Thursday, September 22, 2011

blogging for your worst enemy

One of the drawbacks of a blog being public is that, until you are ready to share something with your enemies, you don't want to put it on your blog.  Even if your enemies aren't in the habit of regularly reading your blog, rest assured, the time that you post something you don't want them to know, they will discover your blog and read it.  Didn't we all learn that with livejournal in 2001?  Right.  That's why I never had a livejournal.  I don't think I can even count the number of fights amongst friends that were described to me beginning with, "Well, she put on her livejournal that I..." I guess now it's what people post on facebook?  Anyway, the internet is public.  So my approach to blogging is that I try to imagine the person I would least want reading what I write.  Then I pretend they are reading it.  And I try to edit out anything I wouldn't want them to know.
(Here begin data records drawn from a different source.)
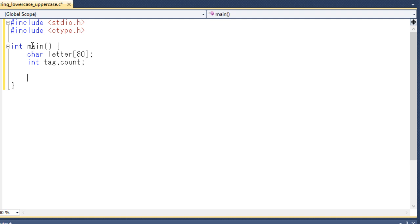Before going to start the code, let me tell you the main logic or the main theme of this program. The main theme of this program is reading a single line from the input and display it in uppercase.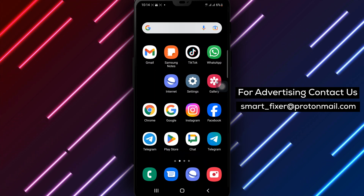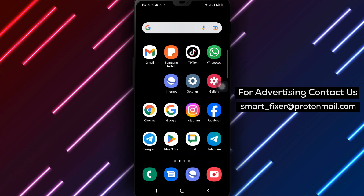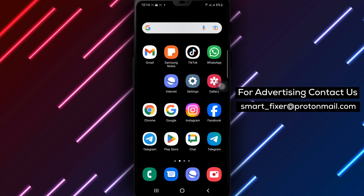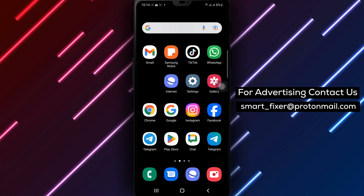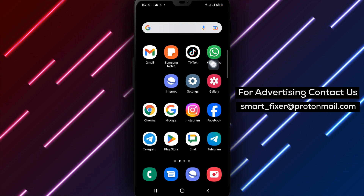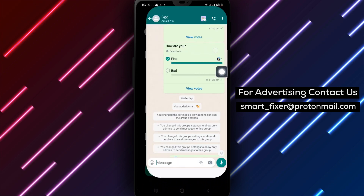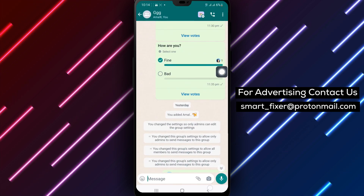Step 1: Open WhatsApp on your Android device. Step 2: Tap a chat. Choose the chat where the starred video is located.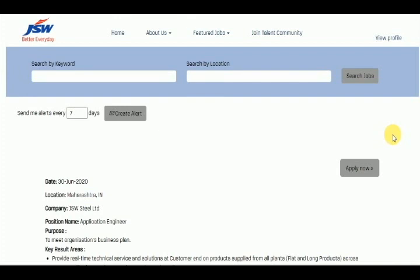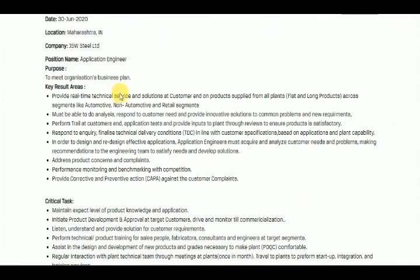Mechanical, Metallurgy. We can see the details — part of this job. All the links are from the description box. JSW Steels Limited, Application Engineer.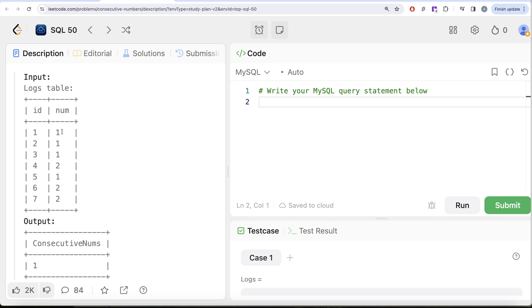For people who know advanced SQL, this can be done using a window function called LEAD, but we are going to solve this using our basic self-join.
The result is that, although there's this thing I crazy want to write about, I can't.  It was the source of yesterday's "difficult day" and the insomnia of a few weeks ago.  The thing is, the "thing" is actually a good thing, we've just been experiencing some bumps along the way.  So I'm forced to write all manner of vauge things about how I had an undescribed "difficult day." 

So, the vauge question I have now is, how do you know when to give something up?  Do you take the bumps in the road as a sign that you should not be doing the thing in the first place?  Or do you look for the deeper meaning behind them, and have faith that everything happens for a reason?  Or does everything happening for a reason mean that the bad things are happening to warn you away from the course of action you're currently on?

See how this would all be so much easier if I could just write about the thing itself, instead of posing vague, unanswerable, hypothetical questions?

And, in case you're curious, it has nothing to do with Kathy, and I am not getting pregnant.  I realize as I read the questions that that's kind of what it sounds like.